Terrance Osborne

Community Elevation Project

Imagining what an attractive elevated home can look like is a challenge to many homeowners contemplating or actually beginning the house elevation process. UNO-CHART has developed a neighborhood-based map to offer New Orleans residents, community leaders, and others an opportunity to visualize home elevation options. Homeowners can see how others have elevated, including homeowners in their own neighborhood.

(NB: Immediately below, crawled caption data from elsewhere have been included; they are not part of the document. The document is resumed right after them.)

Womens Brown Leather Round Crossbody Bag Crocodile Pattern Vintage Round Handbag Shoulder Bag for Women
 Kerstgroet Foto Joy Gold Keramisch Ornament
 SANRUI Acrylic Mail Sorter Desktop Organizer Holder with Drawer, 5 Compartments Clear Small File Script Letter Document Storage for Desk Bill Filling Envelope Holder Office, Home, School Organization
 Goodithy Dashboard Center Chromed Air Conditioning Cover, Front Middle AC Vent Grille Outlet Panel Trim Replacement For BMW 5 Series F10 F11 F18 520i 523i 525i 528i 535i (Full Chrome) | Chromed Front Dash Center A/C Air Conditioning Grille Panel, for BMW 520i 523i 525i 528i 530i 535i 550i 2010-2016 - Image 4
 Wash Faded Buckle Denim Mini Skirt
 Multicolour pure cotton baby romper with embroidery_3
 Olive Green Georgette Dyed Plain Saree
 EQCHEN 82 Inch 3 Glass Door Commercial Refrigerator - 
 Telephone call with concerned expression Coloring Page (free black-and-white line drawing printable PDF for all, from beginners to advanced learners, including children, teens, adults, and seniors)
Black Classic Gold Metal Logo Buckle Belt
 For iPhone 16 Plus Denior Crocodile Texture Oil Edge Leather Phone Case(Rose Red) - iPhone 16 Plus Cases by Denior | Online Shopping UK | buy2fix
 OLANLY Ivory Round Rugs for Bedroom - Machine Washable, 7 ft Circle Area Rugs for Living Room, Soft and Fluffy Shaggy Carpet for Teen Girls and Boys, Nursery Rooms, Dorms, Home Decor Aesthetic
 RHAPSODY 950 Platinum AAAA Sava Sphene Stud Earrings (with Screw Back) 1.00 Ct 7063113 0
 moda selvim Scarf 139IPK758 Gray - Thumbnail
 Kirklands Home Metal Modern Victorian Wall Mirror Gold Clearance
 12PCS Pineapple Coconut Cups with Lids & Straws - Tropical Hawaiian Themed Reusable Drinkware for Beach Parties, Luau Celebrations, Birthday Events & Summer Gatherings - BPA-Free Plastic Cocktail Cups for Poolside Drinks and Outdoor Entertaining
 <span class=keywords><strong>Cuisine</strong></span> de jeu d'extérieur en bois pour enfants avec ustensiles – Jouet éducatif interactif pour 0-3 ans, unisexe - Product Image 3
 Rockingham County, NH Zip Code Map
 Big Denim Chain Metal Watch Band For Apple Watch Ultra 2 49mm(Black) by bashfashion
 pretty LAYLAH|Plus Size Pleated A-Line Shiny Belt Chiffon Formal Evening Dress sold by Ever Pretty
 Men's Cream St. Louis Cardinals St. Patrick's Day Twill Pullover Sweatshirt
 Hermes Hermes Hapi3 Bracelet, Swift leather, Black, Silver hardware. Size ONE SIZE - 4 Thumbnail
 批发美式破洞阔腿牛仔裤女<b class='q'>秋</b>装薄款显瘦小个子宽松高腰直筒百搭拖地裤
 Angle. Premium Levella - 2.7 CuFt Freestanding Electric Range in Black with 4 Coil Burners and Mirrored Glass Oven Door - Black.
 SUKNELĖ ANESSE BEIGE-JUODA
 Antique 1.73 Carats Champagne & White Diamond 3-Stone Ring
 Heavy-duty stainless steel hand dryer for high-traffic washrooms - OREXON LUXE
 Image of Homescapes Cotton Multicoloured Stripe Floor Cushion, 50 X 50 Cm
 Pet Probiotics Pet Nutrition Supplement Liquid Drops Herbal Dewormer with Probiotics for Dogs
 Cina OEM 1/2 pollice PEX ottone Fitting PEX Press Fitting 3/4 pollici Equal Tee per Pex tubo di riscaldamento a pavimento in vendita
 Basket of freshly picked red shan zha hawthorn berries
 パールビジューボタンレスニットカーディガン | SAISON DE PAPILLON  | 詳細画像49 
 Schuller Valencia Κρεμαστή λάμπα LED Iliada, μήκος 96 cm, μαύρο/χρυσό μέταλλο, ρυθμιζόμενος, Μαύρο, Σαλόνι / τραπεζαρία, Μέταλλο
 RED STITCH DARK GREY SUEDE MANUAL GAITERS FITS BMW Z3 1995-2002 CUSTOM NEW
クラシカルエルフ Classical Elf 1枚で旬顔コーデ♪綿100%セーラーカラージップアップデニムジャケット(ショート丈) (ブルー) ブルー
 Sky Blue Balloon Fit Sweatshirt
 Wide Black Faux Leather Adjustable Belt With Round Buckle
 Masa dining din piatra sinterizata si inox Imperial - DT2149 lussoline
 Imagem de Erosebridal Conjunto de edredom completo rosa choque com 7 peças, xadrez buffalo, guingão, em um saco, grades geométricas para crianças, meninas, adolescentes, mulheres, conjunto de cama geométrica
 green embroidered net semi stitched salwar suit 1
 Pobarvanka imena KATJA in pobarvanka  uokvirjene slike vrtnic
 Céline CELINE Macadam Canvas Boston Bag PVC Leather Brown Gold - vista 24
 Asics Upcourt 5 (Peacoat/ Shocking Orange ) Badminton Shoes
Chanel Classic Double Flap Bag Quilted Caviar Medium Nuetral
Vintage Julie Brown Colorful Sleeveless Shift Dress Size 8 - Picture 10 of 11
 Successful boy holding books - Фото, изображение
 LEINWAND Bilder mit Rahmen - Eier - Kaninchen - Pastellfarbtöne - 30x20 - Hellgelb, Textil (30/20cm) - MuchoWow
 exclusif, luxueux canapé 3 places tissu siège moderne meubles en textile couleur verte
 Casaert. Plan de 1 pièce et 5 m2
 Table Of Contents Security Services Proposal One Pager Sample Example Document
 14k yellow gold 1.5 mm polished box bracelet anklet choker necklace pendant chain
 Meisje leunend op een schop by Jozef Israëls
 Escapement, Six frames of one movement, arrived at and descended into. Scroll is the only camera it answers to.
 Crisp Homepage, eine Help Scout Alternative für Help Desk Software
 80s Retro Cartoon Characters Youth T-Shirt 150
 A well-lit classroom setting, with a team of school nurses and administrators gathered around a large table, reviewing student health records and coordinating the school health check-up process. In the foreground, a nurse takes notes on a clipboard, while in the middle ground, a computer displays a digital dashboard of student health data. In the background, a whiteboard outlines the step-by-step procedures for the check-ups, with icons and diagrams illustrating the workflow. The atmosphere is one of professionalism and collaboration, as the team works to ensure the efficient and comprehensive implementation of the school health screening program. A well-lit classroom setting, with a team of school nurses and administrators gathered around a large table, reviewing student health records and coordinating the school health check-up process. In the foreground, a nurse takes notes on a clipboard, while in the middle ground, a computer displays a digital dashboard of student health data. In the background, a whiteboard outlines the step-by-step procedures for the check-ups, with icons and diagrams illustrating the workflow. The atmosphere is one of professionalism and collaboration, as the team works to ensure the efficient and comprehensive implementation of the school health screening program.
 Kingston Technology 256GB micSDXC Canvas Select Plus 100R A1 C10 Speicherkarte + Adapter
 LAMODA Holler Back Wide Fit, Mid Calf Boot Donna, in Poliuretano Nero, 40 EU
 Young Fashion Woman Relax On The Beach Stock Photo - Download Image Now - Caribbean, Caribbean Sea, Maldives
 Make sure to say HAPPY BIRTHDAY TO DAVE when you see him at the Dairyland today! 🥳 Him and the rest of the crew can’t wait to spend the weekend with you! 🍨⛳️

Some homeowners may not be sure they want to elevate their homes at all, others may have made the decision to elevate but do not know exactly what they envision for their home's appearance once elevated. UNO-CHART hopes this electronic array of elevated homes will help with the decision-making process. Click the Neighborhood Map tab on the left to see examples of elevated homes in the different New Orleans neighborhoods.

The map shows a variety of elevated homes raised to all heights of elevation, whether it be the height for Flood Insurance/building ordinance requirements or much higher. It shows many different kinds of first floor treatments, that is, ways of covering or utilizing the space between the house and the ground. How the  space is handled often depends on the height of the elevation. Lattice work and masonry are common for more moderate elevations. Shutters and recessed shaded areas appear in some of the higher houses.

The map shows houses representing owners of different income levels and houses in different states of repair. It features houses that were elevated long before Hurricane Katrina and houses that have been elevated since then. Some photos feature attractive landscaping, others point to the potential for landscaping. Architectural features, such as staircases, banisters, porches, and detailed exterior design work are highlighted wherever they occur. UNO-CHART hopes that through discussion and illustration of home elevation, communities will view mitigation and thus, enhanced safety, as attractive and desirable.

The map of elevated homes has been created by UNO-CHART's Community Elevation Conversation project team with GIS mapping assistance by Michael Wesley. It is sponsored by the Public Entity Risk Institute (PERI).